I must say as to what I have seen of Texas, it is the garden spot of the world, 
the best land and the best prospects for health I ever saw, and I do believe it is 
a fortune to any man to come here - Alamo hero Davey Crockett

I am forced to conclude that God made Texas on his day off, for pure 
entertainment, just to prove that all that diversity could be crammed into one 
section of earth by a really top hand - Author Mary Lasswell

Texas is neither southern nor western. Texas is Texas - Senator William Blakley

Texas does not, like any other region, simply have indigenous dishes. It proclaims them. It congratulates you, on your arrival, at having escaped from the slop pails of the other 49 states. - Alistair Cooke

The Clinton administration launched an attack on people in Texas because those people were religious nuts with guns. Hell, this country was founded by religious nuts with guns. Who does Bill Clinton think stepped ashore on Plymouth Rock? - P. J. O'Rourke


----------



## Flyman (Jun 11, 2007)

Fuzzybeekeeper...Flyman comes from being a hard core fly fisherman...my other addiction. Wife puts up with it also.


----------



## summer1052 (Oct 21, 2007)

Okay. Party is at my house. Bring a dish, BarBQ from Novosad's and Chicken from Joe's Fried Chicken (Even better than my Grandmama's, and she lived in Abilene for 50 years!) Black Eyed Peas, Sweet tea, and Coke for all. 

Bring tools, and we'll put together my hives and woodenware. 

Only necessary requirement: a fondness for Texas.



Summer


----------



## Flyman (Jun 11, 2007)

Done Deal.!! How about when the Nucs are ready at Tecumseh's for timing? I know I'm world famous for some dish, I'll bring it.


----------



## fuzzybeekeeper (Nov 23, 2005)

*Up to YOU, Tecumseh!*

Ok, Tecumseh,

Let's see what kind of beek you are!

YOU predict the date your Nucs will be ready and we will try to get together then.

Fuzzybeekeeper


----------



## tecumseh (Apr 26, 2005)

at or about the first week in April... actually the time is more than somewhat dependent on the production of the season's first drones. after that time the guys don't matter so much. now ain't that a bit like life itself?
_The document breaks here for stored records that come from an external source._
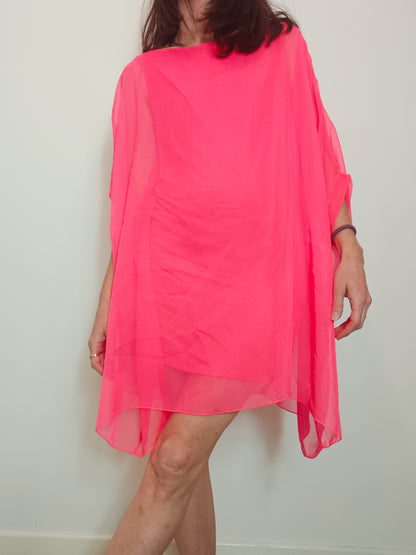 CALZEDONIA. Vestido rosa vaporoso T.s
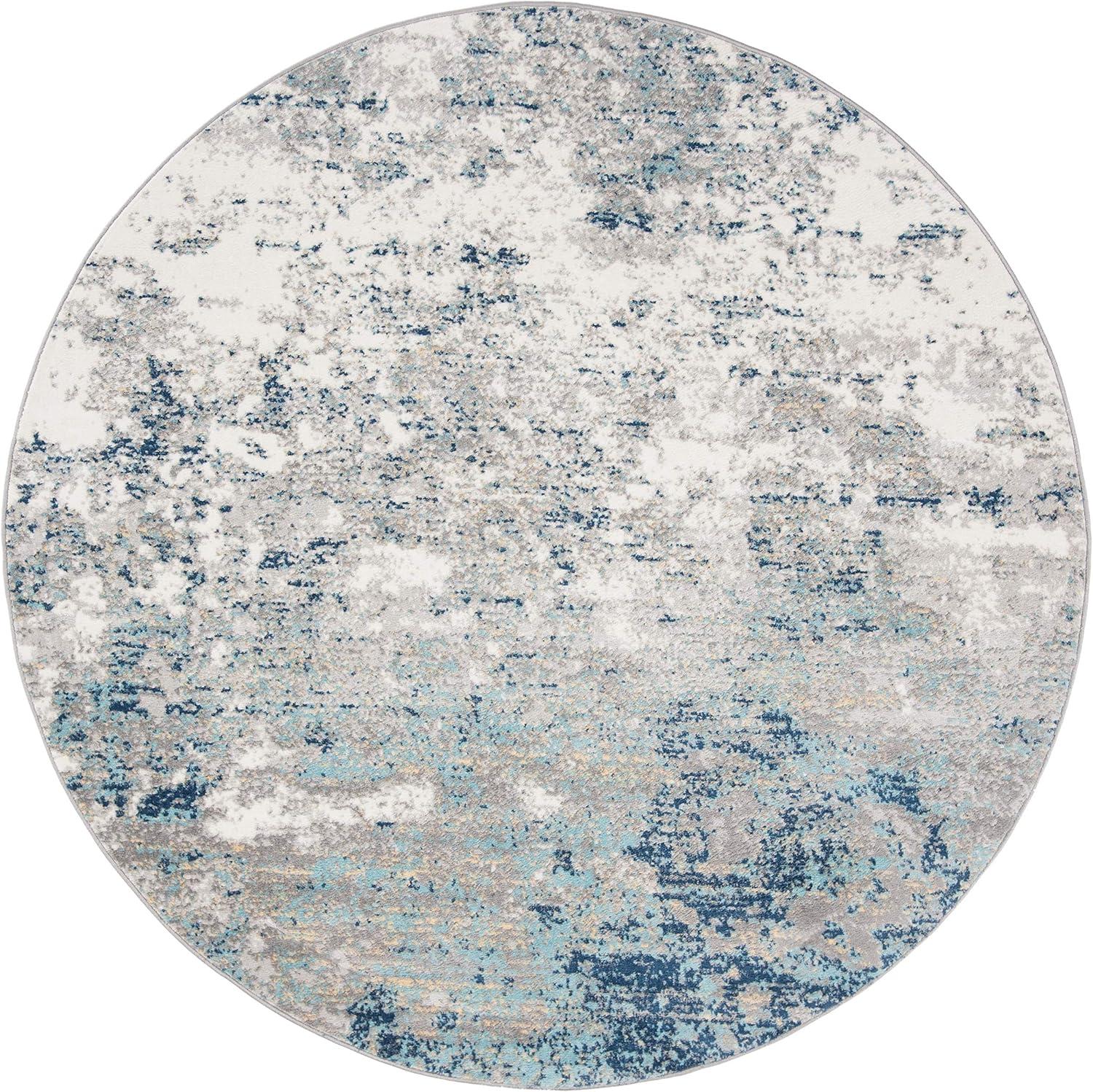 image:imageSAFAVIEH Brentwood Collection Area Rug 9 x 12 Grey amp Ivory Modern Abstract Design NonShedding amp Easy Care Ideal for High Traffic Areas in Living Room Bedroom BNT822HLight Grey Blue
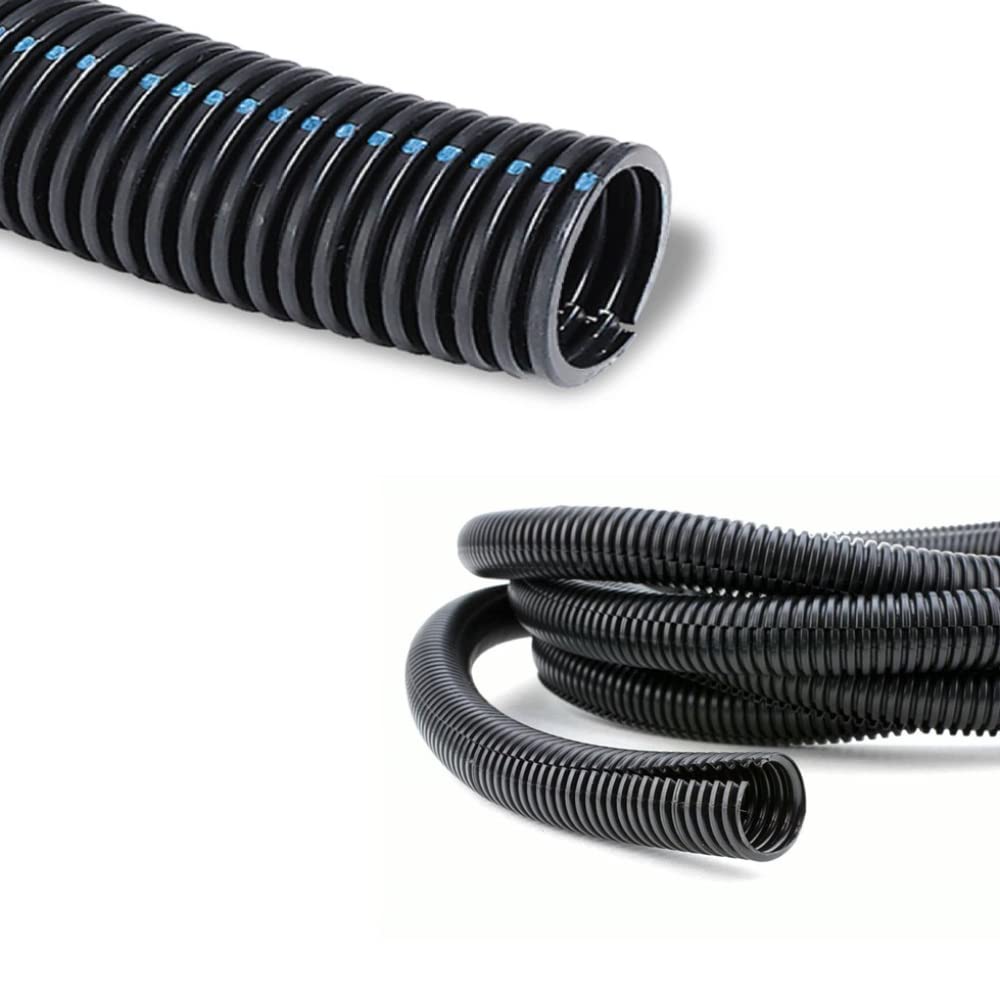 Kable Kontrol Flame Retardant Split Wire Loom Tubing 1/4” Inch 100 Ft Long - Black Self-Extinguishing Wire Conduit Cover for Cords - Corrugated Tubing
you might wish to meet up here? I could check with some of my other bee keeping contacts and see if a quick drive by the weaver's might be possible, or possible even a quicker drive (it's closer) by of one of their queen mating yards.
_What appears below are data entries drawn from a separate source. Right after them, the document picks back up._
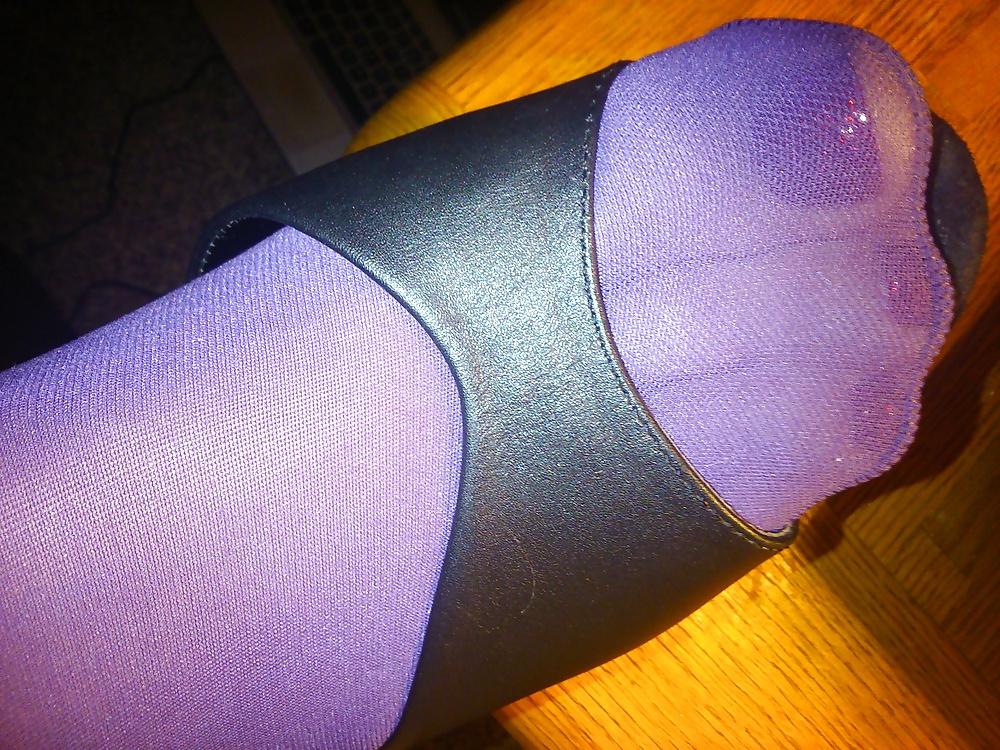 15P Feet And Legs In Purple Stockings, Leather Dress And Heels
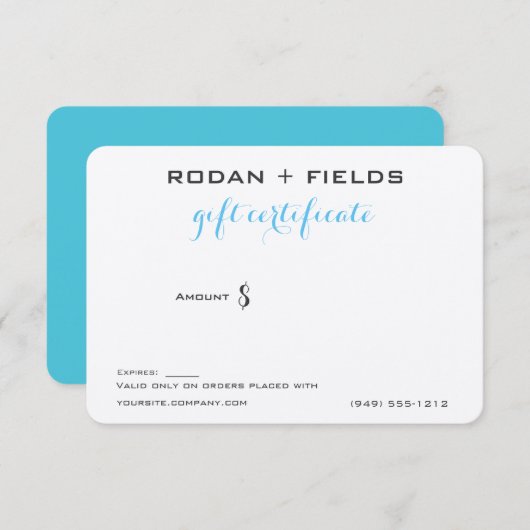 ギフト券 (正面/裏面)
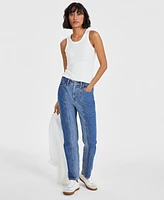 On 34th Women's Two-Tone Straight-Leg Jeans, Created for Macy's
of course the contrary view voiced by my NOT name sake William Tecumseh Sherman (now how could any good southern boy like that guy?) suggested concerning Texas when he was fighting the ****** out this a way after the 'war of northern aggression'....

'If I owned hell and Texas...I would live in hell and rent out Texas.'

for myself... Texas is one very diverse state and about a 20 hour drive from north to south or east to west. according to the bioliogy types Texas contain 7 distinct biozones that vary from the sonoran desert in the west to the piney woods of east texas and the people are just as varied. So if you cannot find some place to toss your hat and call home in Texas then keep on movin' along brother.

let's all sing along with willie and ray willie and put the J back in Texas.


----------



## redbee (Dec 29, 2005)

*Allways a Texan*

I've spent the last 35 summers and falls in South Dakota working bees,but when the geese start flying south I know it's time to head back home to TEXAS to put the girls in their winter home in East Texas


----------



## summer1052 (Oct 21, 2007)

I have ordered my bees from the Weavers in Navasota. They are scheduled for pickup the first Sat. in April '08 -- 4-05-08. Easter is in March this year, so there is no conflict there.

Tecumseh, are you the most central? Works for me. It'd be nice to come sit at all y'all's feet, and glean pearls of wisdom. 

If Tecumseh, or anyone else is in the Temple area this Saturday, go out and root for Sacred Heart School. State football championship on the line . . . Go Indians!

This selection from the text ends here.